Beginning at the line that mentions "5 drawers tool", retype the rest of the records below exactly. Pictures are not part of the copy.

LISTED ENTRIES section start

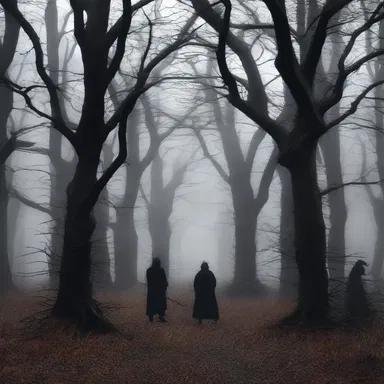 As they entered the dark forest, they were surrounded by armed trees with sharp thorns.
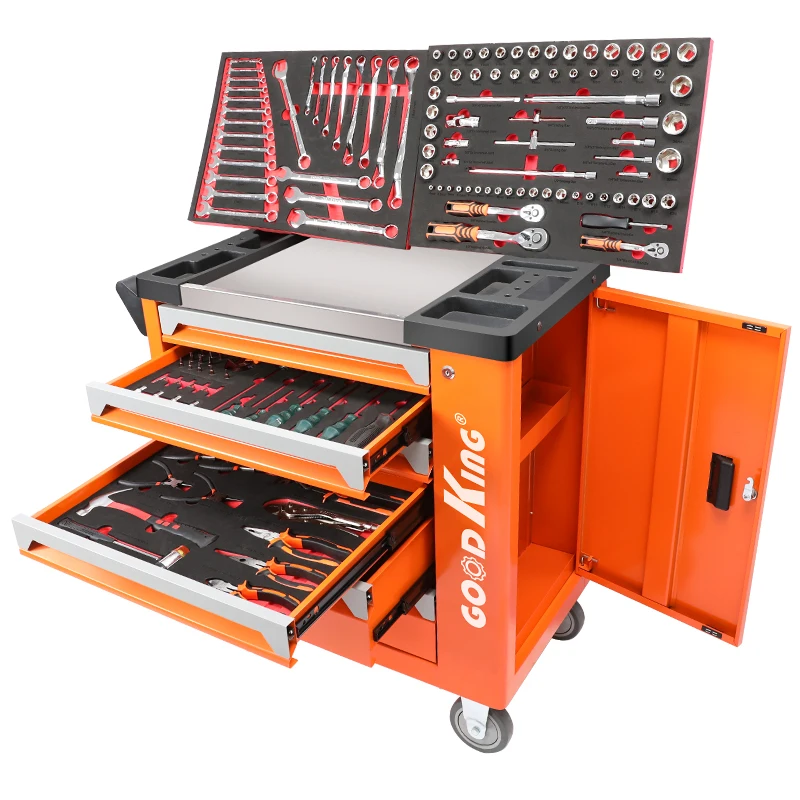 

5 drawers tool cabinet workshop tool trolley and box with hand tools sets wrench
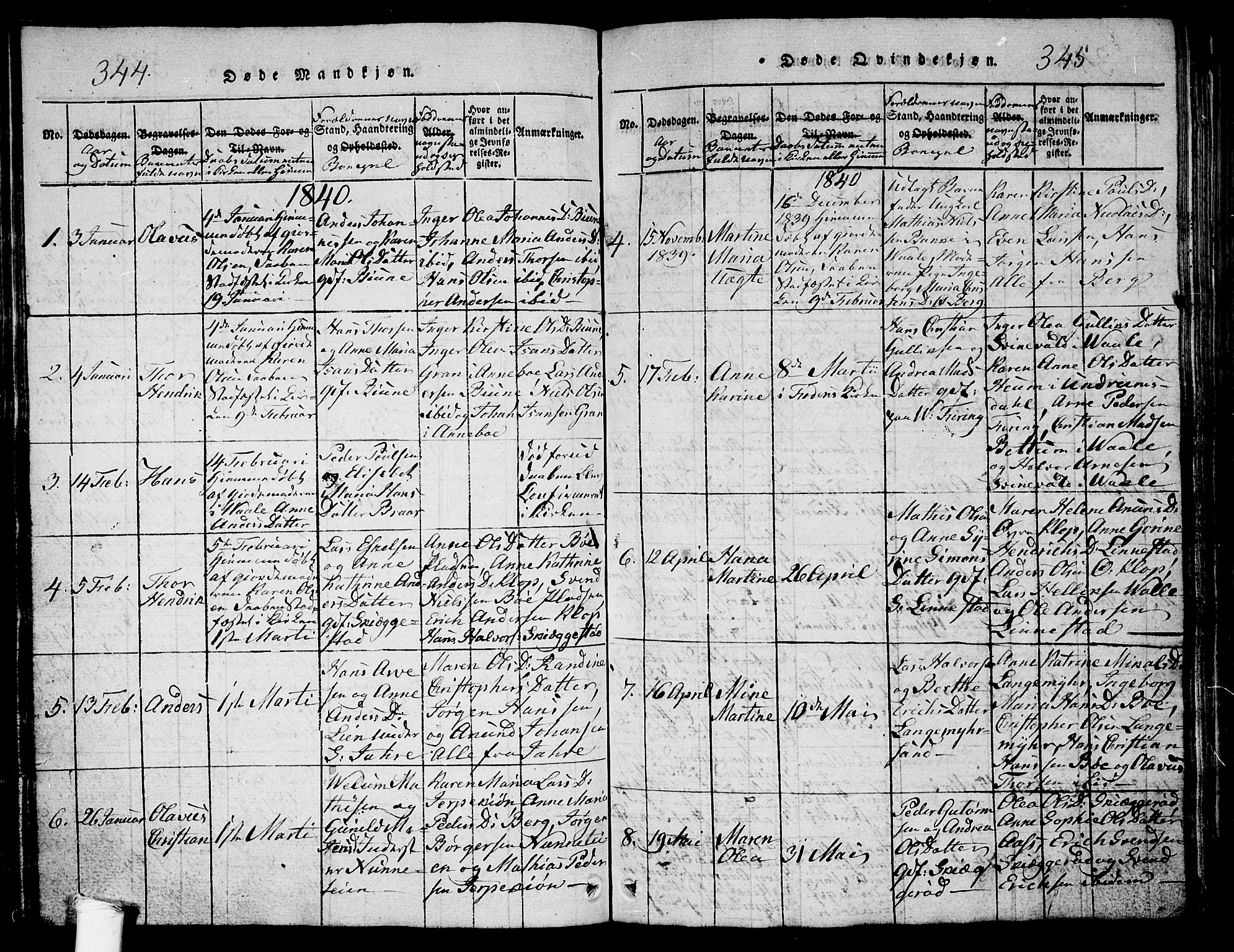 Ramnes kirkebøker, AV/SAKO-A-314/G/Ga/L0001: Parish register (copy) no. I 1, 1813-1847, p. 344-345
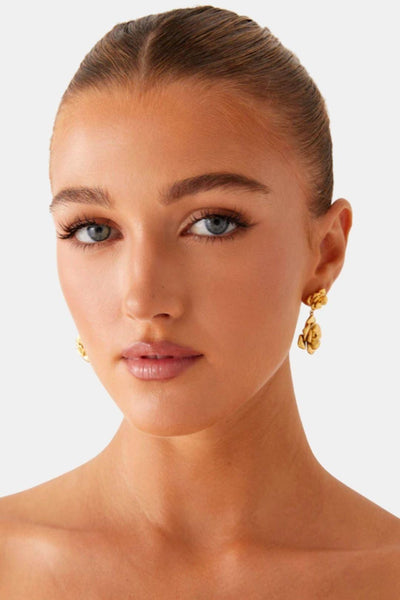 Trisha – Gold Floral Drop Earrings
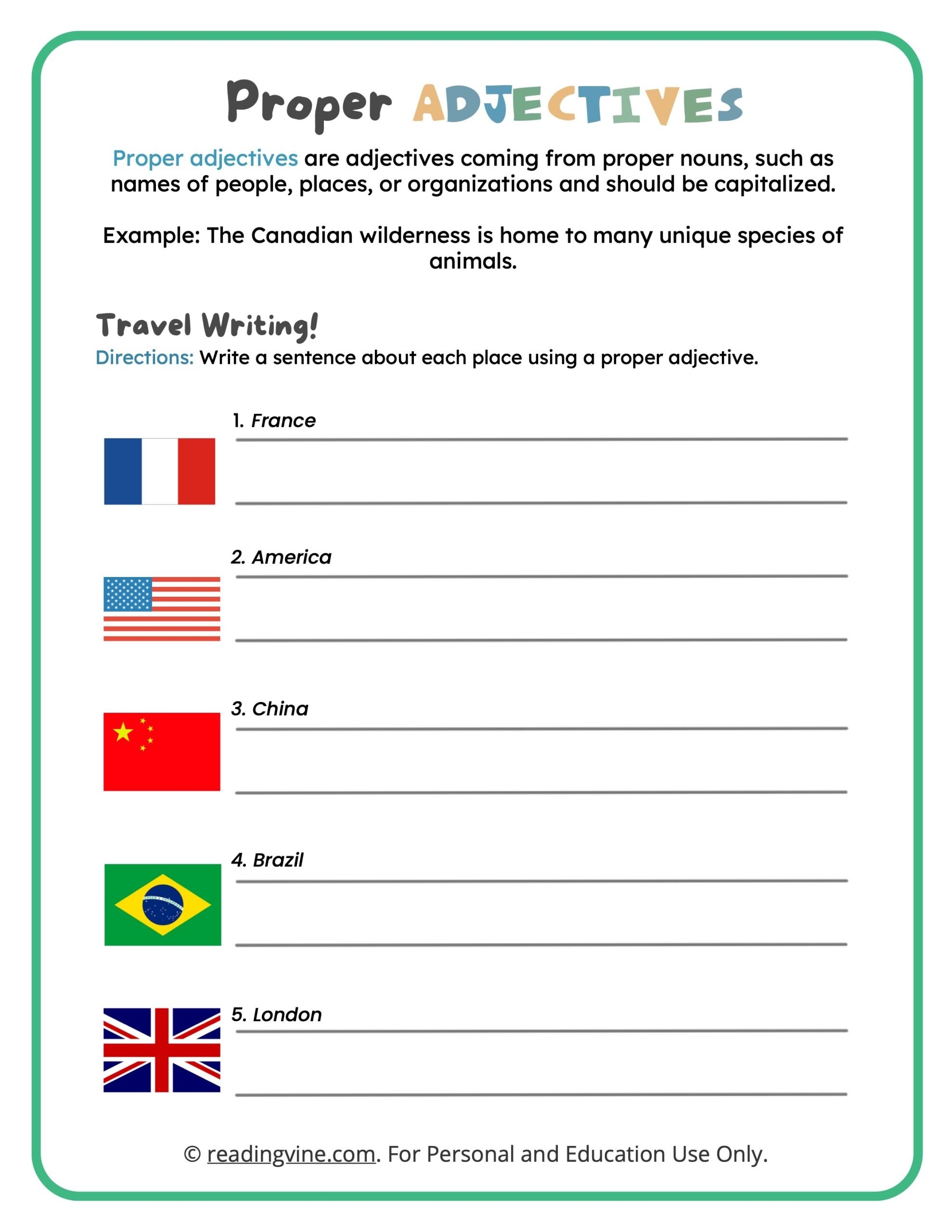 Proper Adjectives Worksheets ReadingVine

LISTED ENTRIES section end

→ RESPONSE TO THE TASK
5 drawers tool cabinet workshop tool trolley and box with hand tools sets wrench
 Ramnes kirkebøker, AV/SAKO-A-314/G/Ga/L0001: Parish register (copy) no. I 1, 1813-1847, p. 344-345
 Trisha – Gold Floral Drop Earrings
 Proper Adjectives Worksheets ReadingVine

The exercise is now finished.